Pastor's Desk: Third Sunday of Lent
It is hard to believe that the Ten Commandments were written some 3,500 years ago. Moses received the two tablets of stone which bore the Commandments from God and they have been the foundation of civilised society for Jews and Christians ever since. The beauty of the Commandments is their simplicity. In a clear way they emphasise the centrality of God in the lives of all who follow them and then they tell us to think of others and their needs rather than to suit ourselves.
Secular society today denies there is a supreme being such as God at all and therefore each person centres themselves not on God, but on themselves. What is good or bad is no longer decided externally but by how “I” feel about it. Likewise how I treat others is no longer dictated by morals agreed by all but by me and my happiness. The name given to this kind of thinking is “relativism” and it is something Pope Benedict has spoken about at length. Good and bad, right and wrong, are decided by how it is experienced relative to each individual, not by a moral code external to the individual.
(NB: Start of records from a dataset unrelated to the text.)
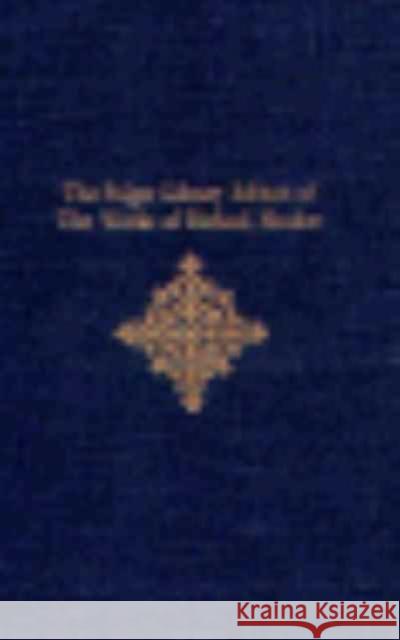 The Folger Library Edition of the Works of Richard Hooker Hooker, Richard 9780674632165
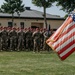Legion Company, 1st Battalion, 503rd Infantry Regiment Change of Command Ceremony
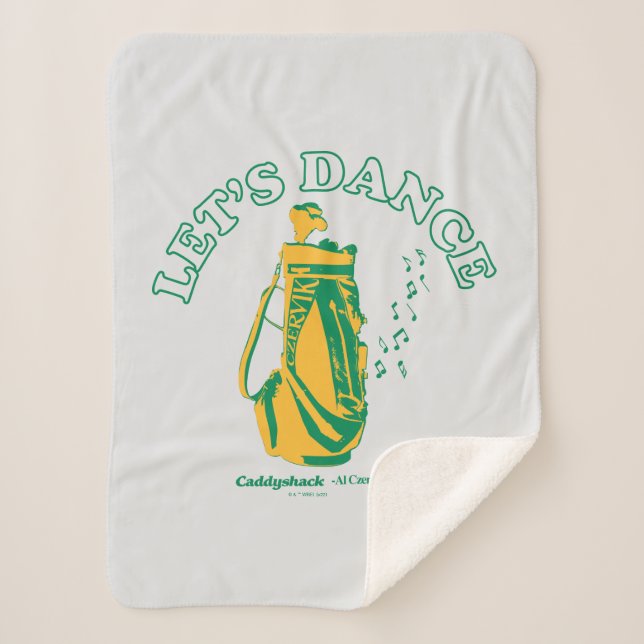 Manta Sherpa Caddyshack | Bailemos (Anverso)
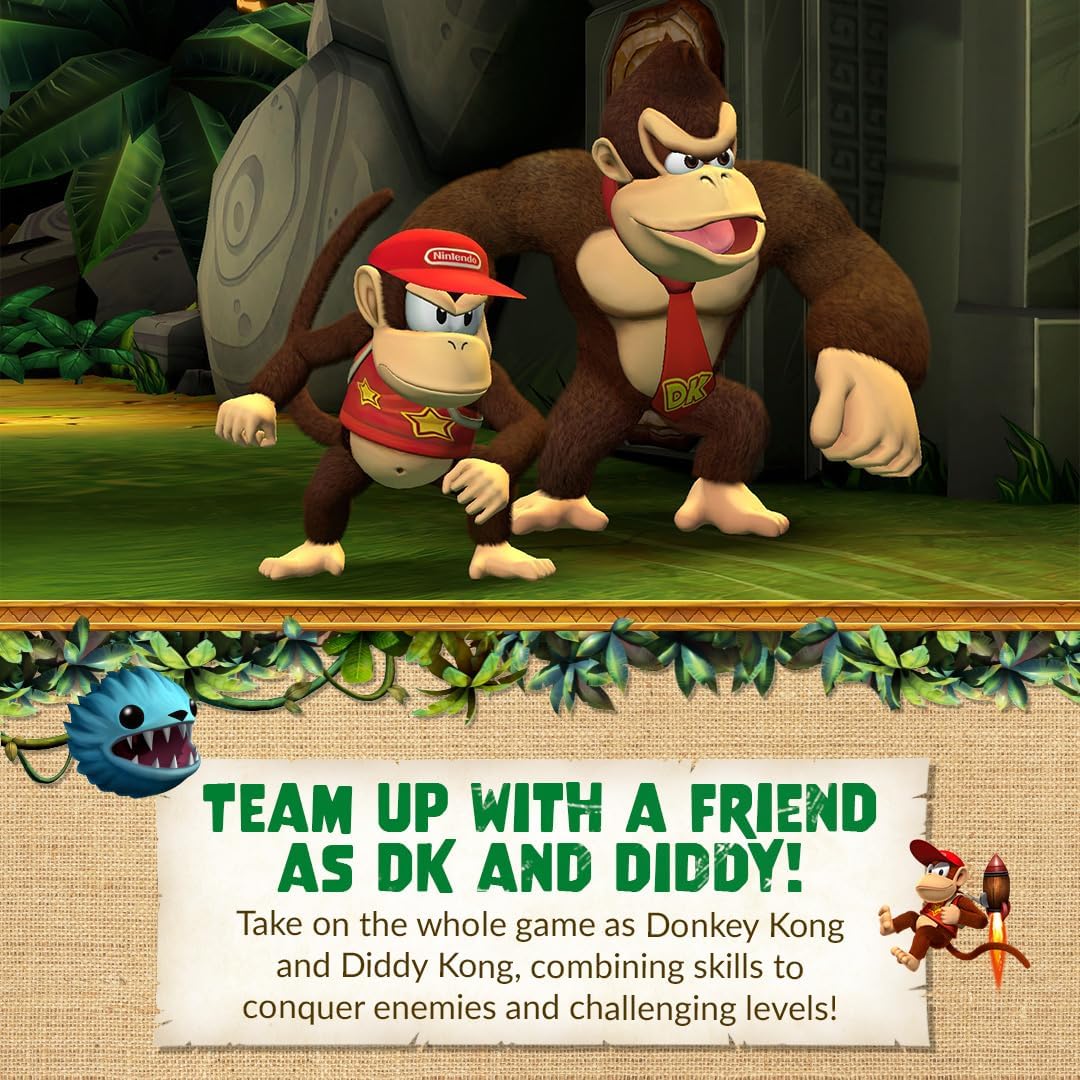 Donkey Kong Country Returns HD (Switch)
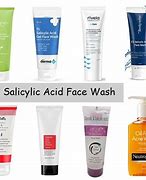 Image result for Types of Salicylic Face Wash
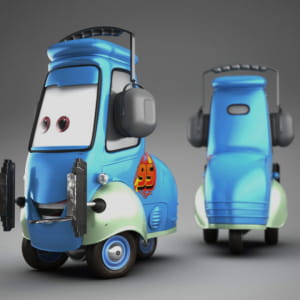 guido_cars animation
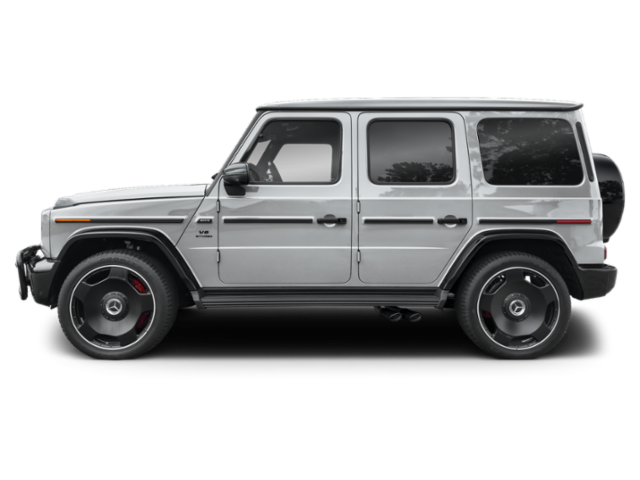 New 2026 Silver Mercedes-Benz G 63 AMG® image 3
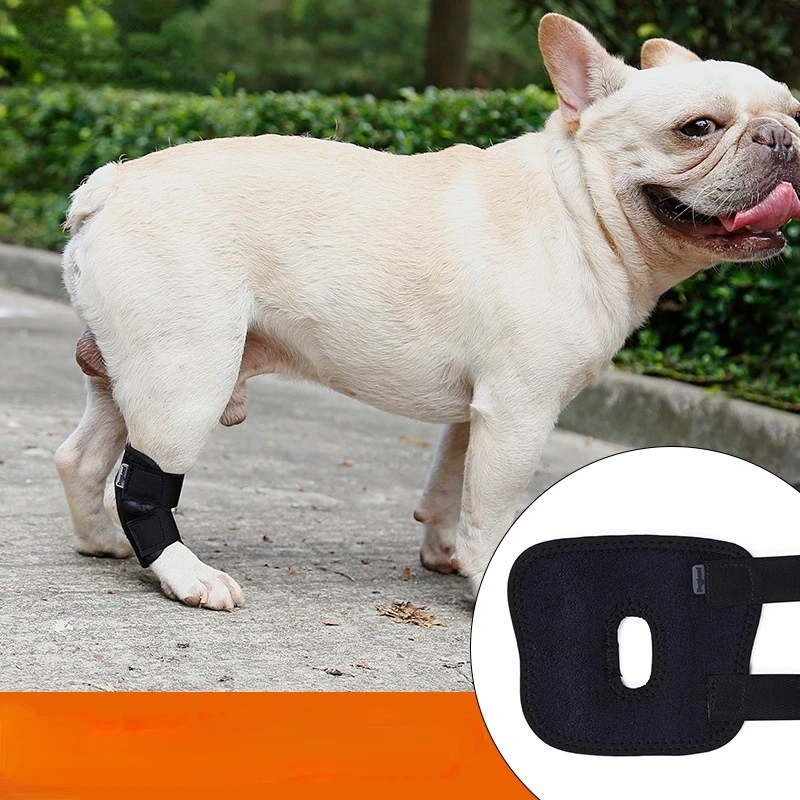 

Short-tube Pet Auxiliary Belt Leg Injury Arthritis Dog Leg Sleeve Bracket Postoperative Recovery Anti-licking Pet Supplies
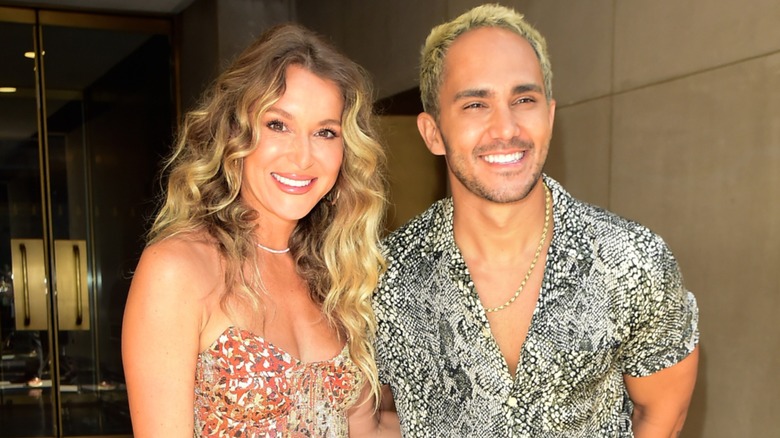 Carlos PenaVega and Alexa PenaVega smiling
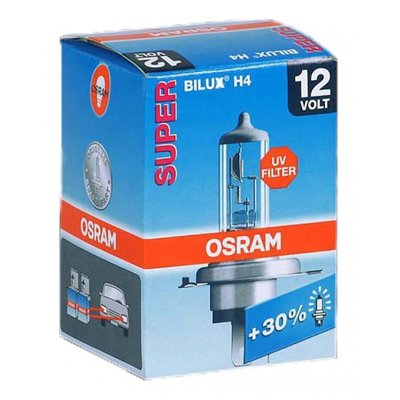 Лампа головного світла Osram H4 60/55W 12V 64193SUP для Універсальні товари 85878 фото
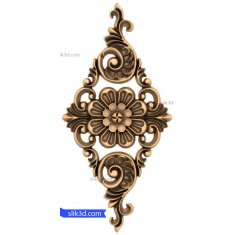 Ornamento di eleganza floreale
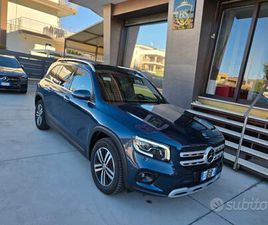 MERCEDES GLB GLB 220D MERCEDES-BENZ GLB 200 220 D AUTOMATIC 4MATIC SPORT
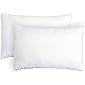 Amazon Brand - Solimo 2-Piece Bed Pillow Set - 40 x 60 cm, White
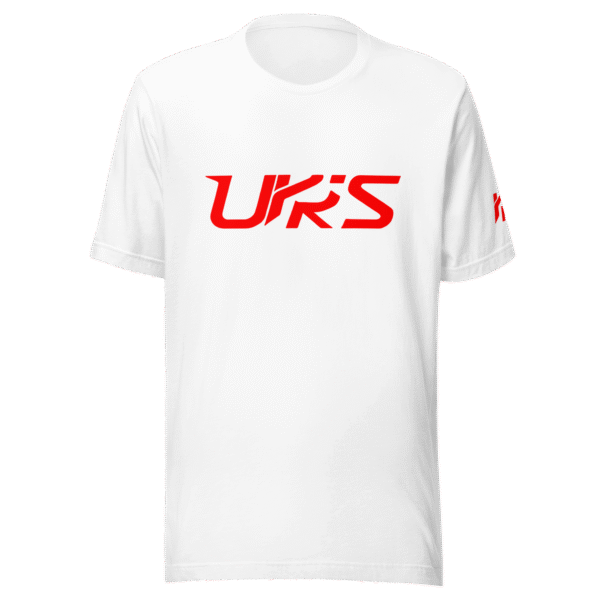URS Premium T-Shirt Red - Image 7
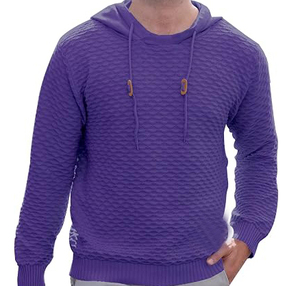 Sweat à capuche unisexe en tissu jersey lourd haute densité 100% coton, style vintage délavé, doublure polaire, poche, streetwear, personnalisable - Product Image 3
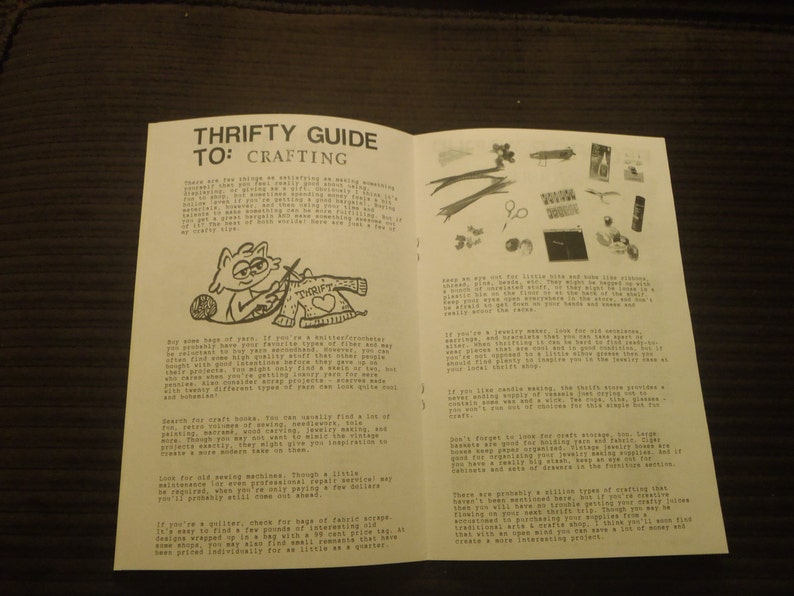 Thrifty Times 39 A Zine about Thrifting image 2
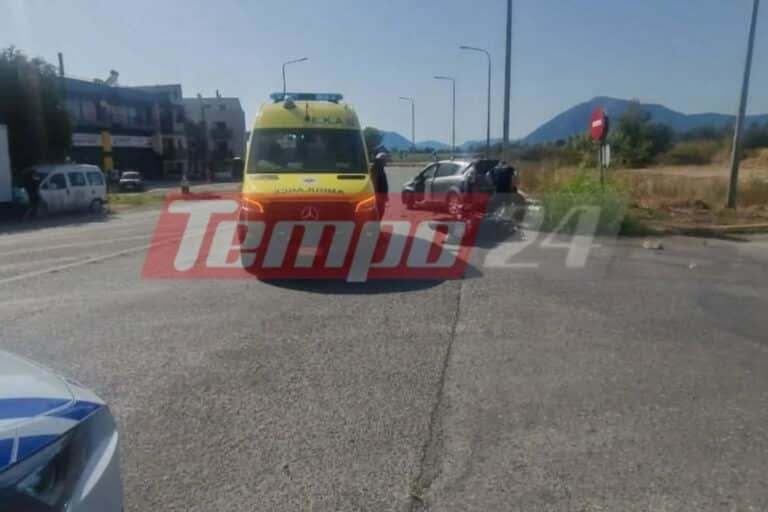 Τραγωδία στην Πάτρα: Νεκρός 50χρονος μοτοσικλετιστής μετά από σύγκρουση με ΙΧ
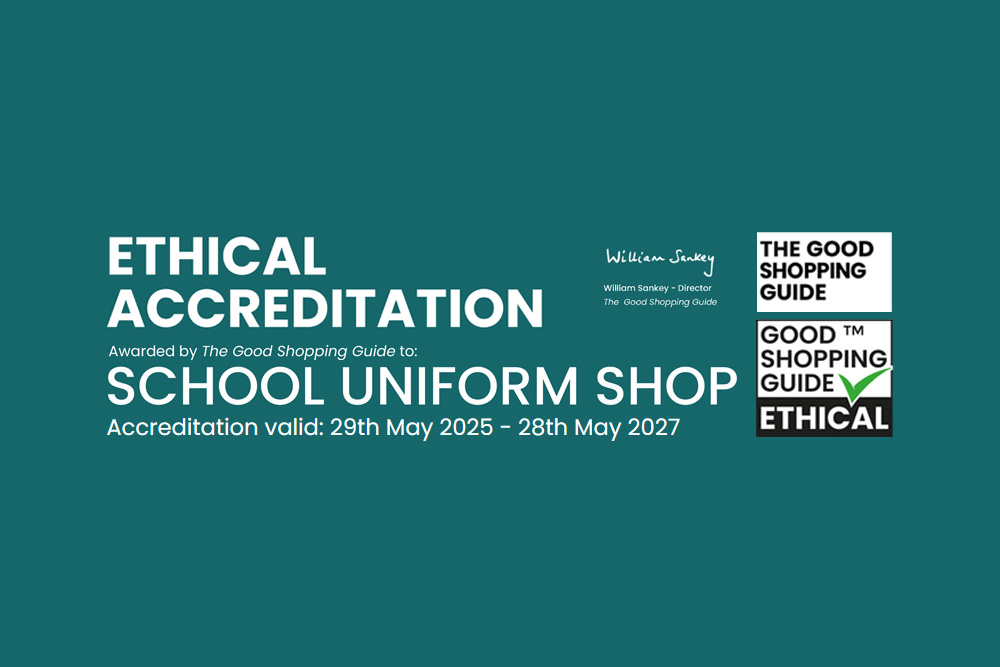 Ethical Accreditation for the School Uniform Shop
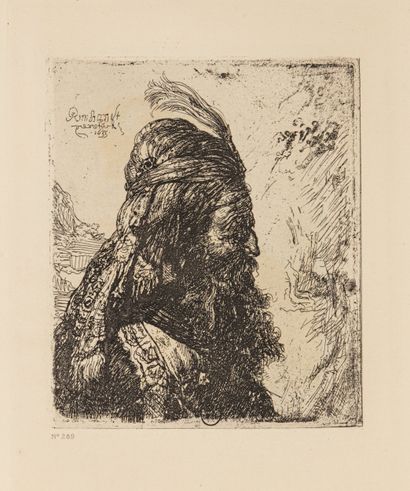 REMBRANDT, after
The Work of Rembrandt
Collection...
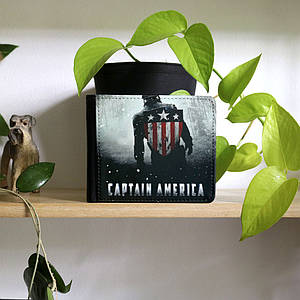 Гаманець Капітан Америка: Перший Месник "Головний герой №2" Marvel / Captain America: The First Avenger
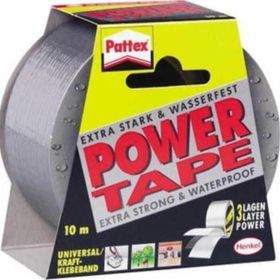 Pattex Power Tamir Ve Yalıtım 50x10 Gri Özel Amaçlı Bant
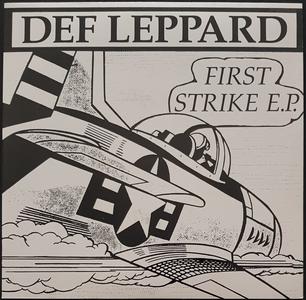 Def Leppard - First Strike E.P Visit New Online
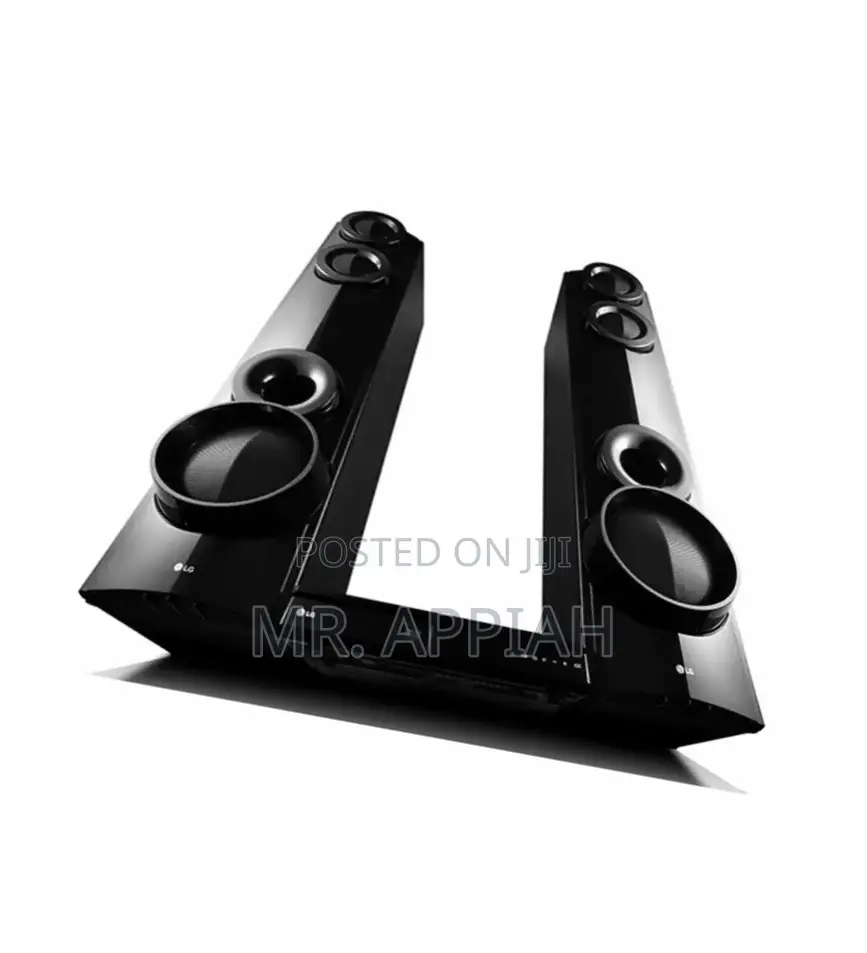 LG Lhd675bg 1000W4.2ch Home Theatre System(Black).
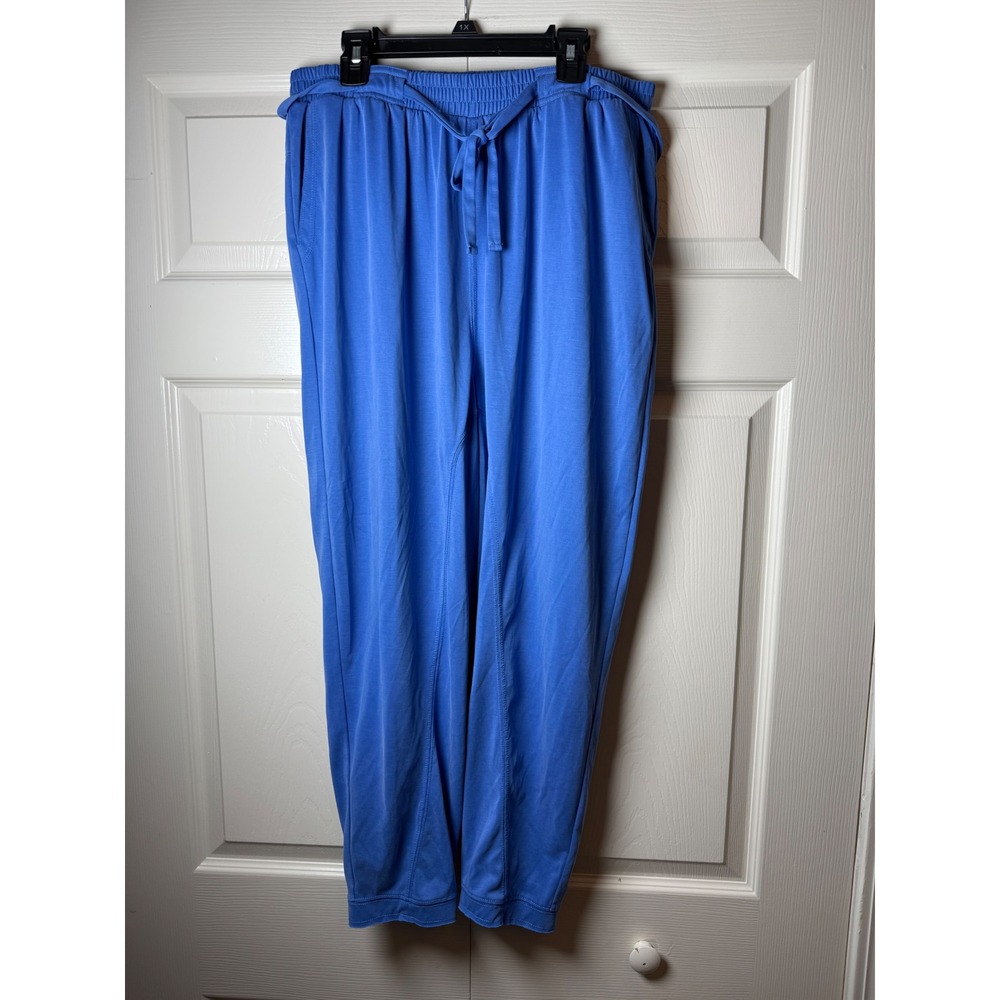 Anthropologie‎ Blue Modal Blend Drawstring Jogger Pants Women's Small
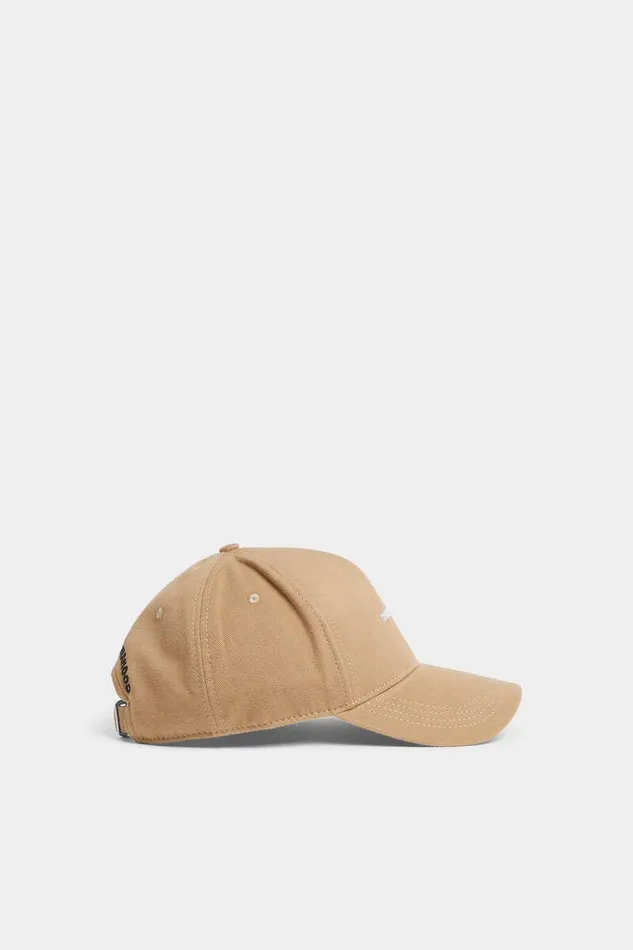 Dsquared2 Headwear Mini Logo Baseball Cap Gravelwhite 8211 Men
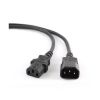 УДЛИНИТЕЛЬНЫЙ КАБЕЛЬ ПИТАНИЯ GEMBIRD PC-189-VDE POWER EXTENSION CABLE FOR UPS, 1.8 METER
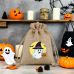 Personalized customization logo Halloween Drawstring Bags 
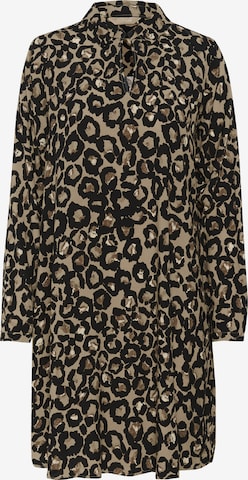 CULTURE Shirt dress 'Galta' in Brown: front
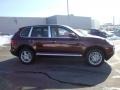 2008 Carmona Red Metallic Porsche Cayenne S  photo #7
The Ten Commandments are still the best moral code for Christian living and, as we examine our conscience this Lent, we should use them as a ruler to see how we measure up.
The Lenten Talks are being enjoyed very much by those who have attended them and the third of our series next Wednesday is with the well-known journalist and TV commentator, David Quinn. We are very privileged that our speakers have made themselves available to present their ideas to us. David will speak on a topic that is very much in the newspapers and on TV programmes at the moment, “the role and contribution of the church to society”. Do make sure to support the talks with your presence.